This is the classical dualistic ontology in basic philosophy whose last vigorous defender was the Cambridge absolute idealist philosopher, F. H. Bradley whose magnum opus, Appearance and Reality was heavily criticized by both Bertrand Russell and G.E. Moore who incidentally were Bradley’s students. The meme is not quite philosophically accurate because that which is pointed as “This is Truth” is actually “The Fact” to which no truth-value is imputed because the fact is the basis of the truth. What makes a statement true is the fact but never do we say that the fact is the truth or vice versa.
1.1 Let A be construed as a concrete object in physical reality called “fact”.
1.11 Facts are not mental constructs but real objects in the world that constitute states of affairs.

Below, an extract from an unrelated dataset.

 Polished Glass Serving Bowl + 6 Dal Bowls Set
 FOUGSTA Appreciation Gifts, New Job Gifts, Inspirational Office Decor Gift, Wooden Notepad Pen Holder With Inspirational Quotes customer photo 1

1.2 Let x be the image of a square which is a perspectival reflection of a particular side of A.
1.3 Let y be the image of a circle which is a perspectival reflection of another particular side of A.
2.1 Truth-valuation, i.e., truth or falsity, is applied only to statements or propositions that (1) correspond or not to facts; or (2) cohere or not with other statements logically.
2.2 Truth-valuation cannot apply to A since A is the reference point that determines the truth or falsity of statements that correspond or not to it.
2.21 Truth-valuation cannot apply to x and y since x and y are not statements or propositions but images of A’s perspectival reflections.
2.3 However, we can formulate statements about x and y in relation to A as follows:
2.31 “x which is an image of a square is a reflection of A which is a square found in the world.”
2.311 This statement is false since A is not a square found in the world.
2.32 “y which is an image of a circle is a reflection of A which is a circle found in the world.”
2.321 This statement is false since A is not a circle found in the world.